NSI report addresses supply chain bottlenecks

March 23, 2026, 12:51PMNuclear News
The “chicken-and-egg” problem of the nuclear supply chain. (Graph: NSI)

A new report commissioned by the Nuclear Scaling Initiative, conducted by energy consultant Solestiss, and funded by the Bezos Earth Fund, identifies and recommends solutions to overcome current bottlenecks in the supply chain for advanced reactors.

Broadly speaking, the report recommends the repeated deployment of Gen III+ reactor designs to rebuild the foundation of domestic manufacturing, workforce, and qualification capacity.

Workforce issues: According to the report, one of the key constraints on the ability to deliver new projects at scale is the availability of workers. Beyond the commonly cited shortages in construction craft labor, the report also identified a critical lack of nuclear-qualified machinists, welders, inspectors, nondestructive examination specialists, and project managers.

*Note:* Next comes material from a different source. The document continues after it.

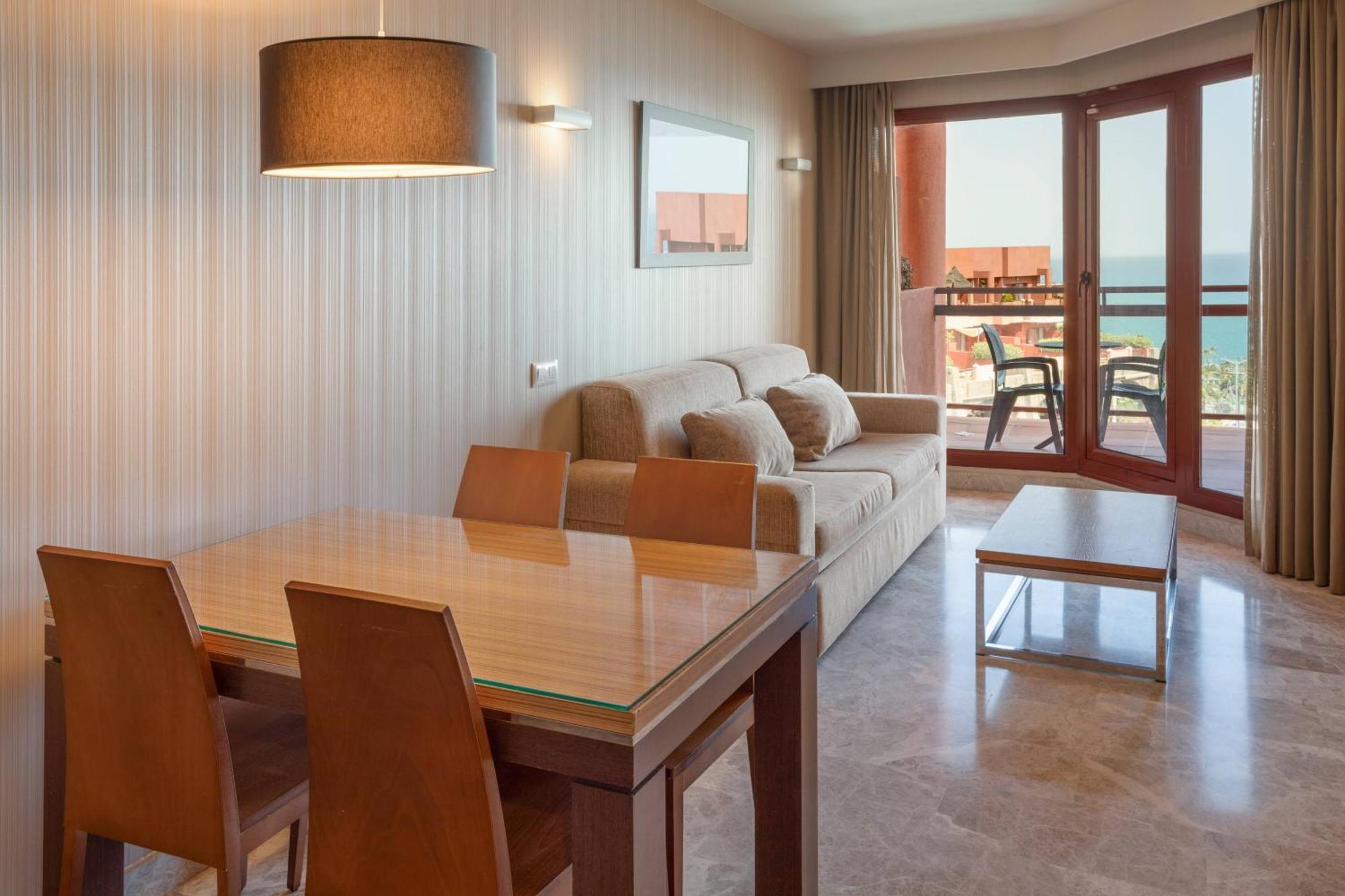 Junior Suite Front Sea View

This cross-sectional shortage is exacerbated by several factors. An already limited number of potential entrants into the nuclear workforce travel through a “leaky pipeline” before gaining the requisite skills to join the industry. Intense competition from other industries, low apprentice wages, and childcare difficulties are all cited as reasons individuals drop out prior to certification.

Compounding this issue is a “looming retirement wave” and a federal push for 300 GW of new nuclear capacity by 2050. In response, the report recommends “dramatic investments” in more centralized and standardized training and education at the local, state, and federal levels, citing the initial buildout of the nuclear workforce in the 1950s and ’60s as a potential template for future efforts.

“Chicken-and-eggproblem: The report characterizes another roadblock to new development as a “chicken-and-egg” problem. Suppliers hesitate to expand capacity and develop the supply chain without demand, while customers hesitate to place orders without a developed supply chain in place. This deadlock creates significant market paralysis.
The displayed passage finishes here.